Wenn Russland Belarus zu seiner Provinz machen wollte, müsste es einen Plan für den Fall haben, dass Lukaschenka sich weigert, Zuge­ständ­nisse zu machen. Moskau hat viele wirt­schaft­liche, poli­ti­sche und mili­tä­ri­sche Hebel in der Hand, aber es zögert, sie einzu­setzen. Russland verfügt nicht über die wich­tigste Zutat für eine solche Zwangs­maß­nahme – es hat keine Alter­na­tive zu Lukaschenka. Es gibt in Belarus keine offen­sicht­liche Kraft, auf die Moskau setzen könnte, und geheime Gespräche mit hoch­ran­gigen bela­rus­si­schen Beamten sind ein sehr riskantes Unterfangen.

Außerdem ist niemand besser als Lukaschenka in der Lage, Belarus vom Westen zu entfremden. In dieser Hinsicht ist es in den Augen Putins riskant, extremen Druck auf ihn auszuüben. Er kann es sich nicht leisten, Belarus eigen­händig zu desta­bi­li­sieren, weil er befürchtet, dass jede Revolte anti­rus­si­sche Kräfte an die Spitze bringen könnte, während Lukaschenka ein mehr oder weniger bere­chen­barer Partner ist. Es gibt nicht einmal offen­sicht­liche russische Bemü­hungen, eine parallele poli­ti­sche Infra­struktur in Belarus aufzubauen.

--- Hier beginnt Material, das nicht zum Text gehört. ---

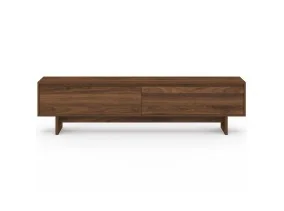 Meuble TV Yumi noyer 180 cm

Aufgrund all dieser Sach­zwänge verfügt Russland derzeit über keine proaktive Strategie gegenüber Belarus. Moskau unter­nimmt weder allzu große Anstren­gungen, um die Inte­gra­tion zu beschleu­nigen, noch ist es bereit, Lukaschenka üppige Subven­tionen zu gewähren. Die russische Politik gegenüber Belarus ist reaktiv – bis aus Minsk neues Kopf­zer­bre­chen kommt, schwimmt Moskau mit dem Strom und gibt Lukaschenka gerade genug Kredite, um ihn nicht bankrott gehen zu lassen.

Das Einzige, was Moskau offenbar hinter den Kulissen tut, ist, Lukaschenka zu einer kontrol­lierten poli­ti­schen Reform zu drängen. Da sich Minsk so schnell vom Westen isoliert, glaubt die russische Führung, dass sie am besten in der Lage sein wird, den Ausgang des Macht­wech­sels zu kontrol­lieren, wenn Lukaschenka endlich bereit ist zu gehen. Was aber, wenn er sich entscheidet zu bleiben? Es gibt keine Hinweise darauf, dass Moskau dafür einen Plan hat.